EMDR AND CHILDHOOD/LIFETIME STRESS
When you think about how long we’ve been on this planet, and how many interactions we’ve had over the years- there is a lot of material for the brain to work with when forming opinions and ideas about the self. If a person has had dozens of experiences that tell her she’s not a likeable person, we have to work through a good amount of those experiences to begin breaking down that negative self belief.
Many of my clients come to me wanting to try to change the way they think and feel. That is absolutely possible. However, if those feelings and thoughts are based on trauma, tools like EMDR are very useful because of the way that trauma is stored in the brain.
Remember that trauma is not always big. If it is outside of our personal window of tolerance, it is a trauma. It simply depends on how the brain processed the events at the time they occurred.
I use EMDR in my practice only when I feel it is appropriate.
I begin working with all clients by just getting to know them. During the process of hearing about a clients life, I do keep track of events that may have been traumatic. Often, we underestimate the major events of our lives and don’t admit to ourselves that they are traumatic. Through the process of therapy we can explore which events were traumatic and which you want to focus on.

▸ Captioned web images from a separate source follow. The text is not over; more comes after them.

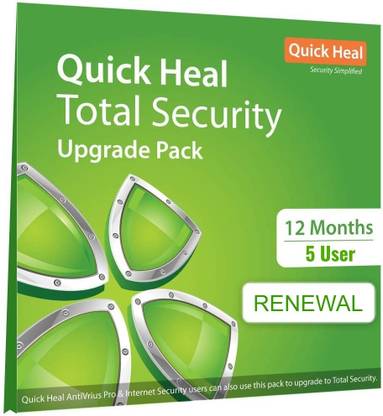 QUICK HEAL Total Security 5 User 1 Year (Renewal)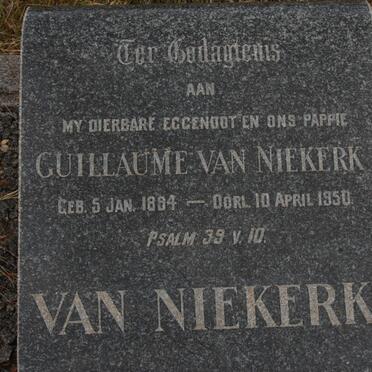 NIEKERK Guillaume, van 1894-1950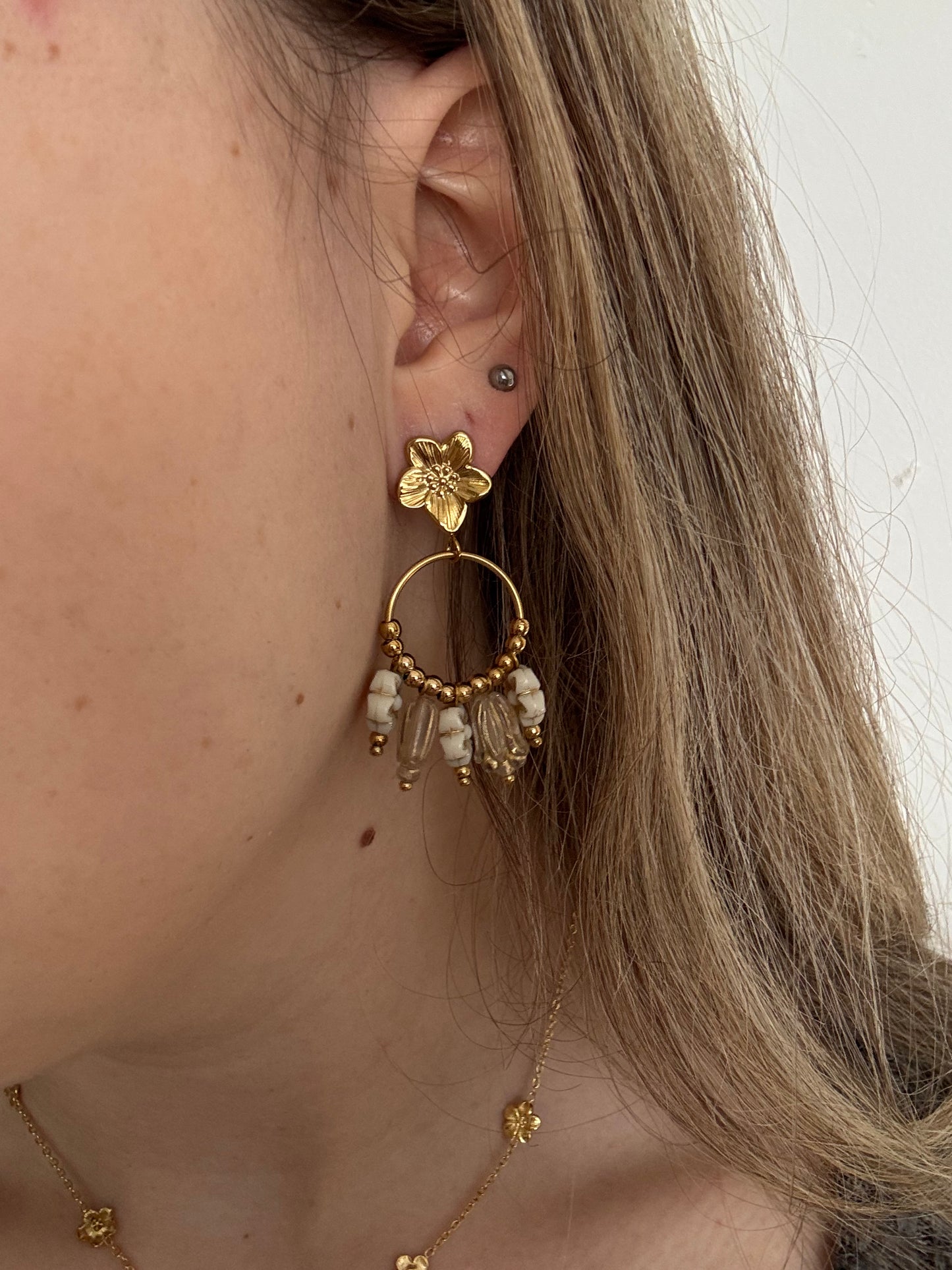 Boucles d’oreilles Calypso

If we determine that EMDR would be the route you’d like to go, we can create a list of events that you’d like to revisit and reprocess in your mind. This can be done either with the classic following of my finger as it moves side to side, or with simple buzzers that vibrate against one hand and then the other. For children, we incorporate an aspect of art therapy into the process by having them draw very quickly from one side of the paper back to the other. Anything that stimulates both the right and the left side of the brain can assist in this process.
We work with what is happening currently in our lives and connect back to events in the past. Then we process them through EMDR by discussing those past experiences so that the brain can process them and the current situation at the same time. This allows us to use EMDR as just a part of the therapeutic process.
WHAT IS THE GOAL OF EMDR
If we have trauma happen in our lives, we will never be totally and completely “over it”. Even after the therapeutic process, we will still be sad at the loss of a child, a divorce, or other major life changes or losses. The goal is to be able to think about and talk about those events without the body responding as though it were currently happening. To be able to feel the sadness or grief without being enveloped by it. To feel better about our past.
This is the desensitizing part of EMDR. We take away the emotional intensity and response of the event in the body. The emotional response that stops us from being able to go places, trust others, find intimacy, or feel at ease. We change the emotional response but we don’t change the general feeling of the event being a negative one.
IS IT FOR YOU?
If you can’t sleep well because of an event, if you feel depressed and don’t know why, if you feel like you can’t enjoy what’s happening in your life, if you feel like you are constantly reliving past events- all are signs that EMDR is for you.
The good news is, you don’t need to figure it out on your own. We can work together in traditional individual therapy sessions to determine which tools like EMDR or Art Therapy might be useful for you.